▶ WORK INSTRUCTION:
With the line containing "Mersen 32A Rail" as the starting point, write out each line exactly through the final line of the listing, both ends included.

▶ AVAILABLE DATA:
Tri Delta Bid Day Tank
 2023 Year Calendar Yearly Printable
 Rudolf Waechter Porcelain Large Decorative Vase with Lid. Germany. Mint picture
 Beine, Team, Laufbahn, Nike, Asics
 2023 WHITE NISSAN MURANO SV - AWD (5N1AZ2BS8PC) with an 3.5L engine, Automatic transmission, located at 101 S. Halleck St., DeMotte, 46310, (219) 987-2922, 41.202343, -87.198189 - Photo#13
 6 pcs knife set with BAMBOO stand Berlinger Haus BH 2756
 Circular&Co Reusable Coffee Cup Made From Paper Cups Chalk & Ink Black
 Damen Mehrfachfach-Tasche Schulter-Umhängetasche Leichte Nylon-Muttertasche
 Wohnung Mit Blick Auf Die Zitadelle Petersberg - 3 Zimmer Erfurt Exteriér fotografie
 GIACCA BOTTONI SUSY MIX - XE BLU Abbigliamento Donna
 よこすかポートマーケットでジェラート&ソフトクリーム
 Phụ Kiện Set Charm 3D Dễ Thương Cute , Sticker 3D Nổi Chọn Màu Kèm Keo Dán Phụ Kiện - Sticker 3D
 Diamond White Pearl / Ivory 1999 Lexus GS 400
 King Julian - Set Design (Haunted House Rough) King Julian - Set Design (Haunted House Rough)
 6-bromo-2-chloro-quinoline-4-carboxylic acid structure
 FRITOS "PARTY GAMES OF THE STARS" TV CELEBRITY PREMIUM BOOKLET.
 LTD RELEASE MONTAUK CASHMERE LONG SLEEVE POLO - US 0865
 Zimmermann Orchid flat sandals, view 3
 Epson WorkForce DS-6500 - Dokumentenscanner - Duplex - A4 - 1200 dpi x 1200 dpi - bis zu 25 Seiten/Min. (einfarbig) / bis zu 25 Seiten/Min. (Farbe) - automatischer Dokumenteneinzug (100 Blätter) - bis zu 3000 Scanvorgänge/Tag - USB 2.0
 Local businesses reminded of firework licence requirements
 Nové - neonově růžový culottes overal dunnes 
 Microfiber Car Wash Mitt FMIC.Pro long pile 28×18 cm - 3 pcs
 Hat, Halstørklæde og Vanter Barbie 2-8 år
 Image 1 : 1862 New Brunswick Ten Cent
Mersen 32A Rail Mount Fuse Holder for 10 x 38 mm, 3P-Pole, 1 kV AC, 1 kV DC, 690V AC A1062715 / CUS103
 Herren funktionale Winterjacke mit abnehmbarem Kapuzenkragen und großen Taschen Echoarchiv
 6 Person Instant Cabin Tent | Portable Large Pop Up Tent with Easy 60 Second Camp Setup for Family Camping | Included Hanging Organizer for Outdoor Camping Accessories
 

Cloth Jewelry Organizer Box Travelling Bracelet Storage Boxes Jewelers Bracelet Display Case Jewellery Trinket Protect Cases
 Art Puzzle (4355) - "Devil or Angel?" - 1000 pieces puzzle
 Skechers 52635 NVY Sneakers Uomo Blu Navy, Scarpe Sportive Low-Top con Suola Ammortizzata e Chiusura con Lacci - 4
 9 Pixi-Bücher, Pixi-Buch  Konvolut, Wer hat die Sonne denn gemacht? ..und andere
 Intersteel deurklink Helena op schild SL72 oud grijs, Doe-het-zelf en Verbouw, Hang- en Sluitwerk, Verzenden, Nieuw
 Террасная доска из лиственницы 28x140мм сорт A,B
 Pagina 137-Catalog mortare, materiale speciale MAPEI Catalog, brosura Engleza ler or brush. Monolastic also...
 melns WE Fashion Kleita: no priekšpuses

▶ ANSWER BELOW:
Mersen 32A Rail Mount Fuse Holder for 10 x 38 mm, 3P-Pole, 1 kV AC, 1 kV DC, 690V AC A1062715 / CUS103
 Herren funktionale Winterjacke mit abnehmbarem Kapuzenkragen und großen Taschen Echoarchiv
 6 Person Instant Cabin Tent | Portable Large Pop Up Tent with Easy 60 Second Camp Setup for Family Camping | Included Hanging Organizer for Outdoor Camping Accessories
 

Cloth Jewelry Organizer Box Travelling Bracelet Storage Boxes Jewelers Bracelet Display Case Jewellery Trinket Protect Cases
 Art Puzzle (4355) - "Devil or Angel?" - 1000 pieces puzzle
 Skechers 52635 NVY Sneakers Uomo Blu Navy, Scarpe Sportive Low-Top con Suola Ammortizzata e Chiusura con Lacci - 4
 9 Pixi-Bücher, Pixi-Buch  Konvolut, Wer hat die Sonne denn gemacht? ..und andere
 Intersteel deurklink Helena op schild SL72 oud grijs, Doe-het-zelf en Verbouw, Hang- en Sluitwerk, Verzenden, Nieuw
 Террасная доска из лиственницы 28x140мм сорт A,B
 Pagina 137-Catalog mortare, materiale speciale MAPEI Catalog, brosura Engleza ler or brush. Monolastic also...
 melns WE Fashion Kleita: no priekšpuses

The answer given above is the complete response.